■ REQUIREMENT:
Output, word for word, the line that contains "Notebook with pen" and all lines after it in the records below, omitting pictures.

■ EXTRACTED DATA:

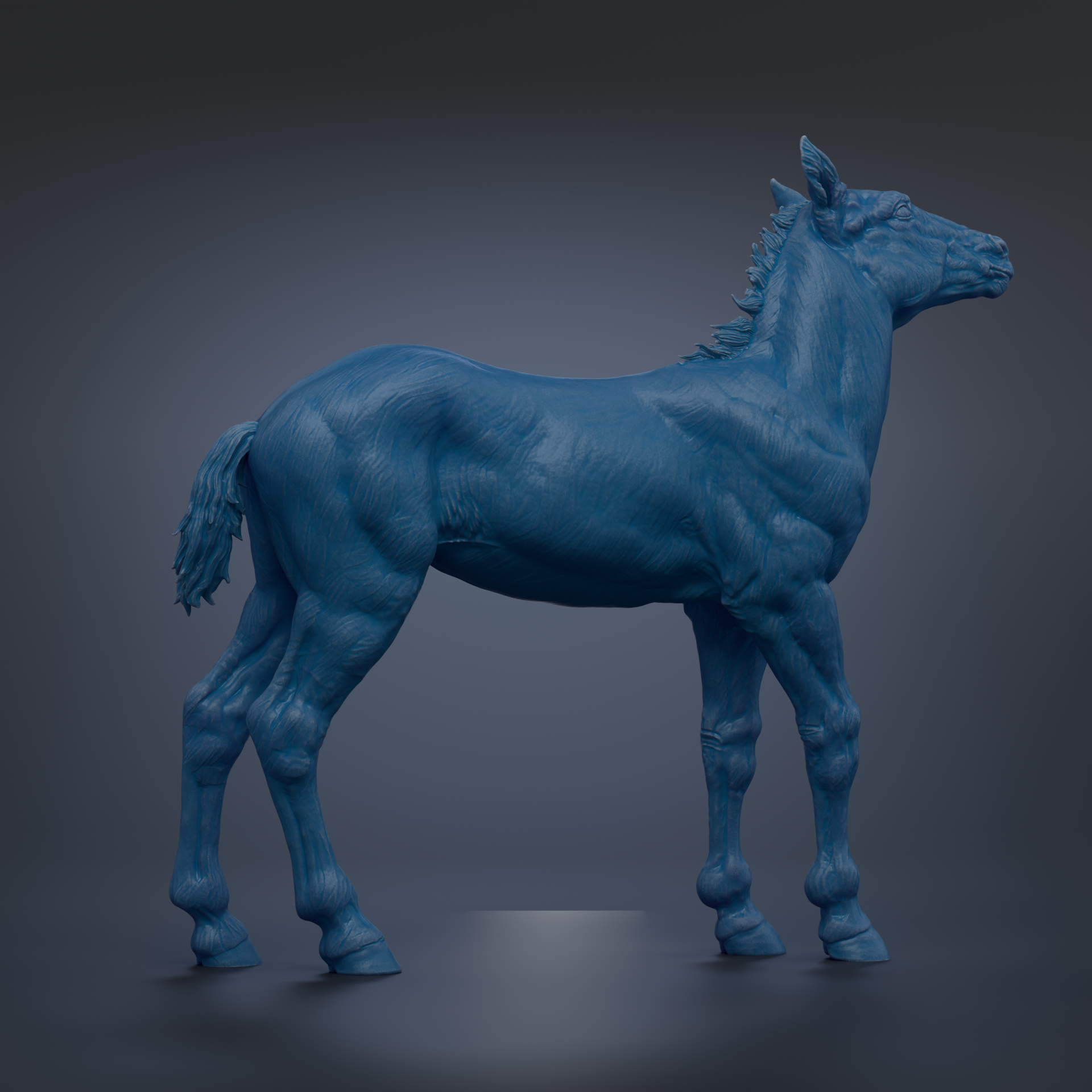 A 3D rendering of a blue horse statue, standing on all fours and facing to the right.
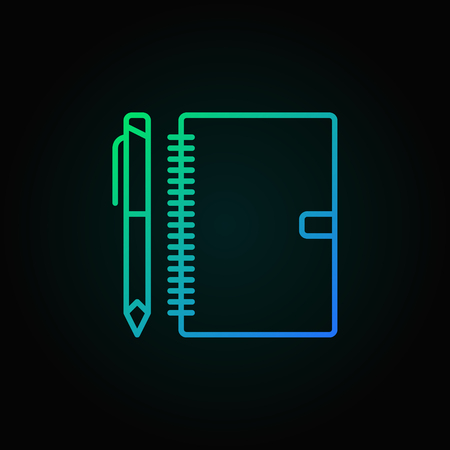 Notebook with pen outline colored vector outline iconのイラスト素材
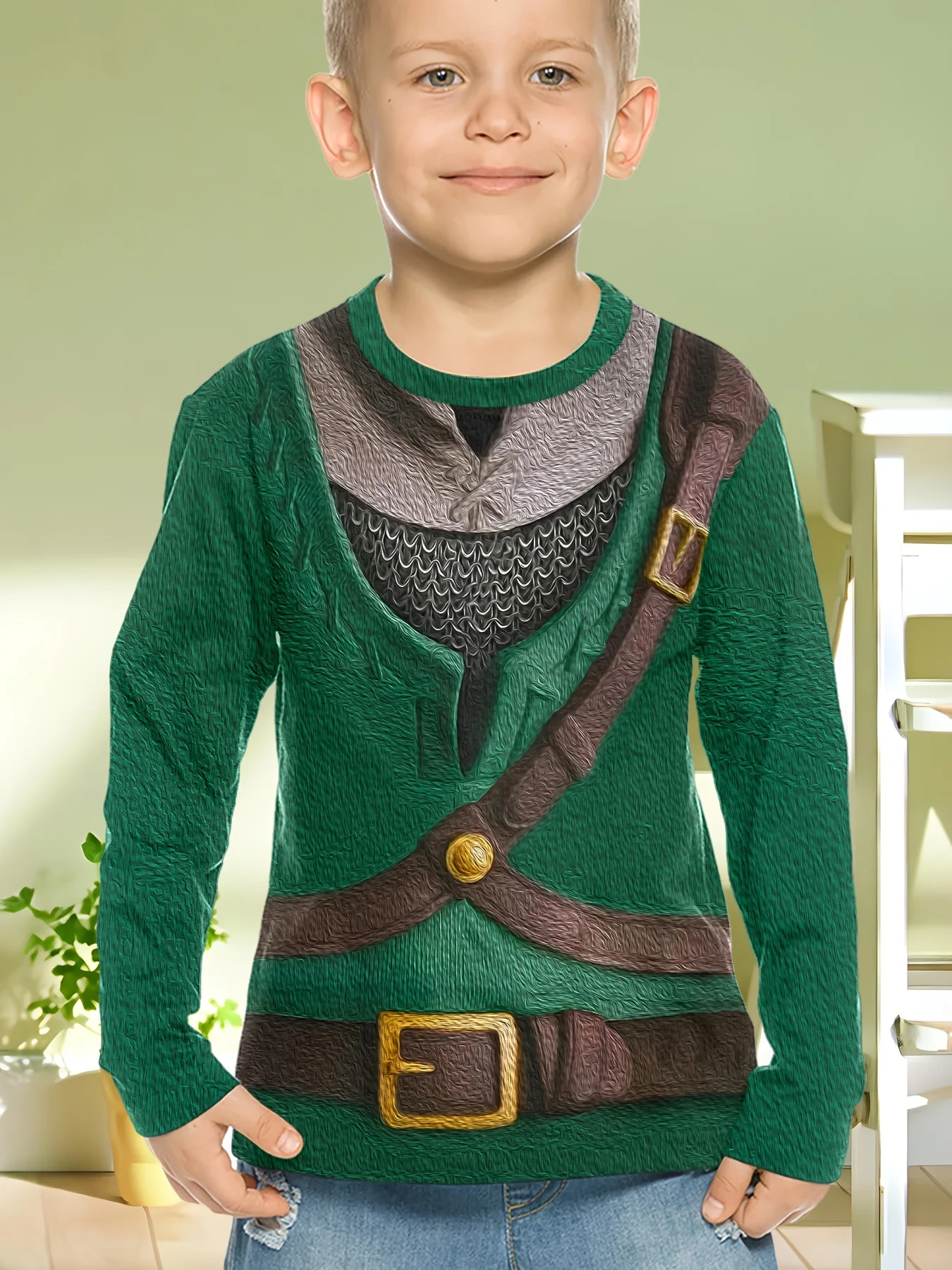 Children's Clothing Boys Tshirt Long Sleeve Cool Gamepad Pattern Print Kids Spring Fall Clothes Novelty Boy Clothes O-Neck Tops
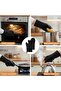 6-piece set of high-temperature resistant, non-slip silicone kitchen gloves with extra-long cuffs, suitable for cooking (black). - 3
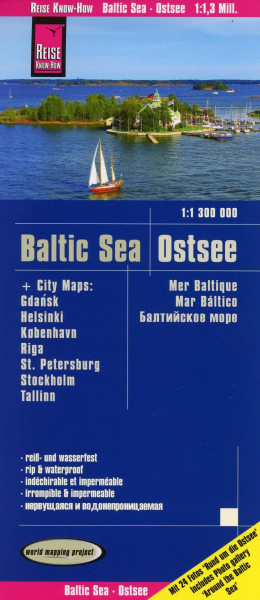 Reise Know-How Landkarte Ostsee 1:1 300 000 mit Stadtplänen Danzig, Helsinki, Kopenhagen, Riga, St. Petersburg, Stockholm, Tallinn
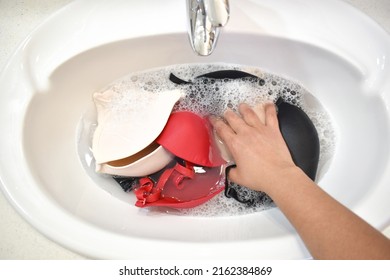 Washing Bras In The Basin Or Sink.  Washing Clothes By Hand. 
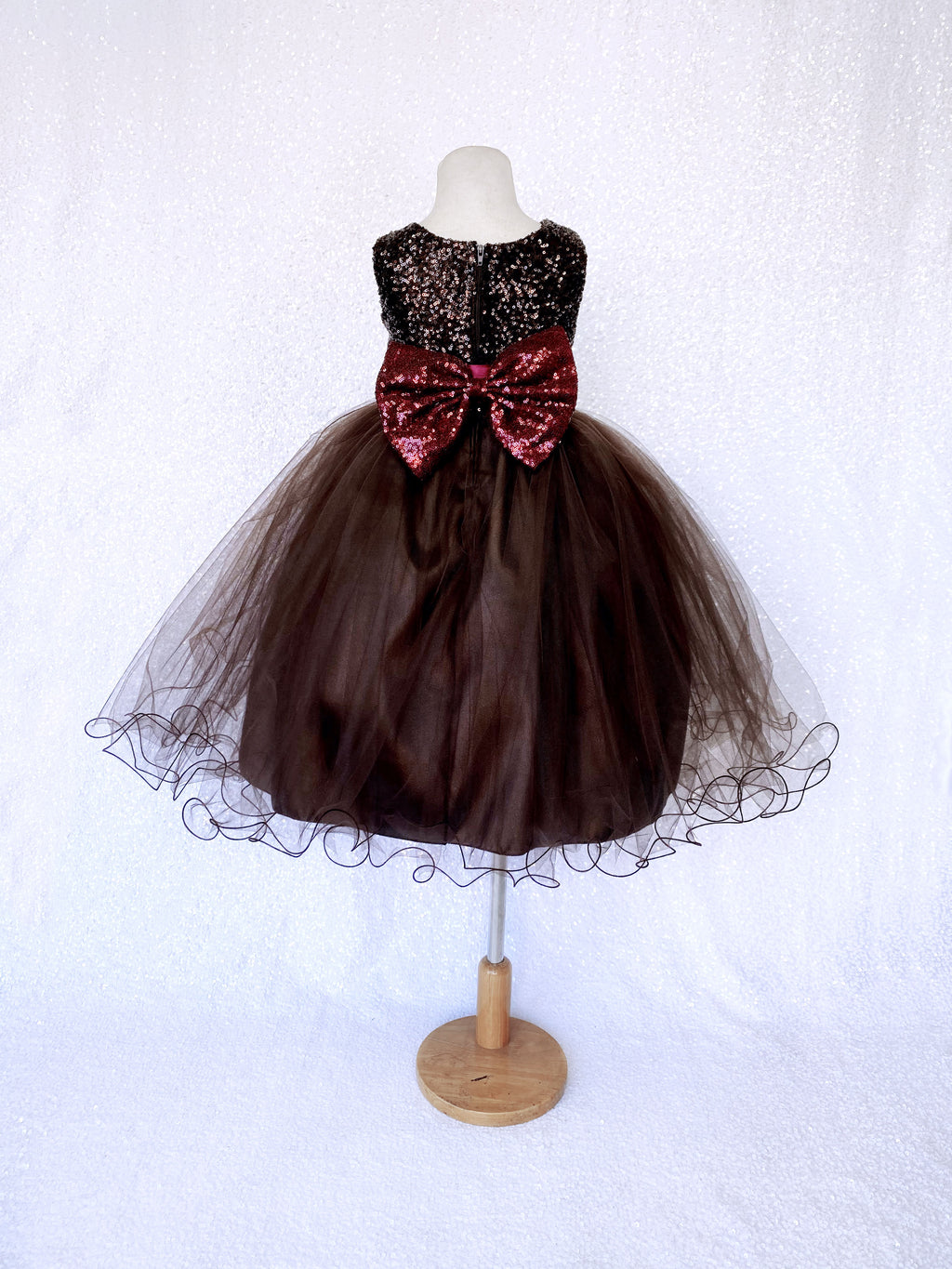 Mini Sequin Burgundy Bow 2 Layer Tulle Fishing Line Brown Dress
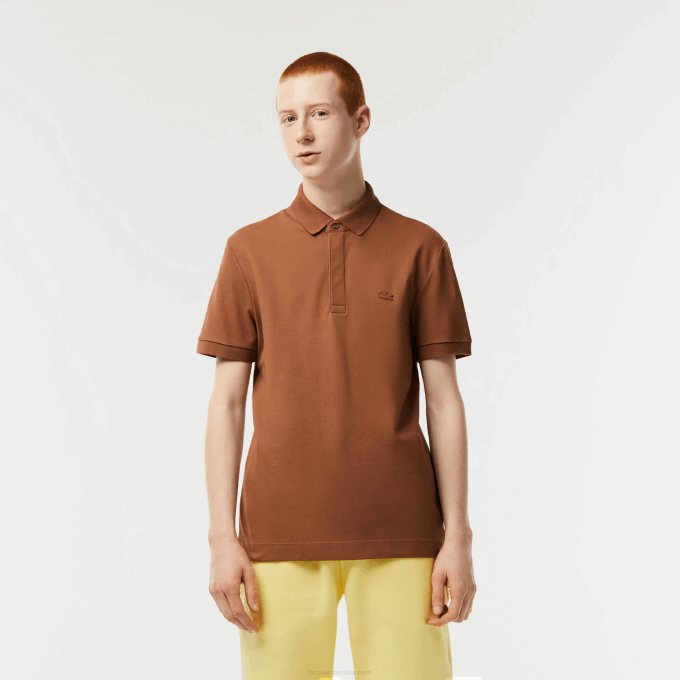 Men Lacoste V0ZN117 Light Brown LFA Smart Paris Stretch Cotton Pique Polo - Image 1
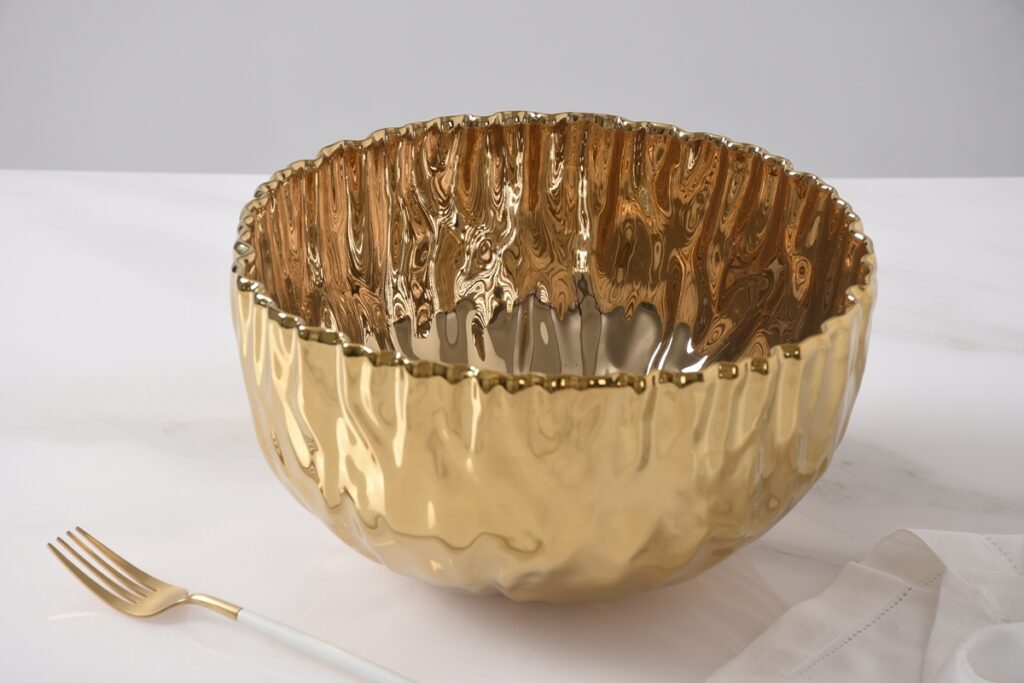 Pleated Large Porcelain Gold Bowl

■ WRITTEN RESPONSE:
 Notebook with pen outline colored vector outline iconのイラスト素材
 Children's Clothing Boys Tshirt Long Sleeve Cool Gamepad Pattern Print Kids Spring Fall Clothes Novelty Boy Clothes O-Neck Tops
 6-piece set of high-temperature resistant, non-slip silicone kitchen gloves with extra-long cuffs, suitable for cooking (black). - 3
 Reise Know-How Landkarte Ostsee 1:1 300 000 mit Stadtplänen Danzig, Helsinki, Kopenhagen, Riga, St. Petersburg, Stockholm, Tallinn
 Washing Bras In The Basin Or Sink.  Washing Clothes By Hand. 
 Mini Sequin Burgundy Bow 2 Layer Tulle Fishing Line Brown Dress
 Men Lacoste V0ZN117 Light Brown LFA Smart Paris Stretch Cotton Pique Polo - Image 1
 Pleated Large Porcelain Gold Bowl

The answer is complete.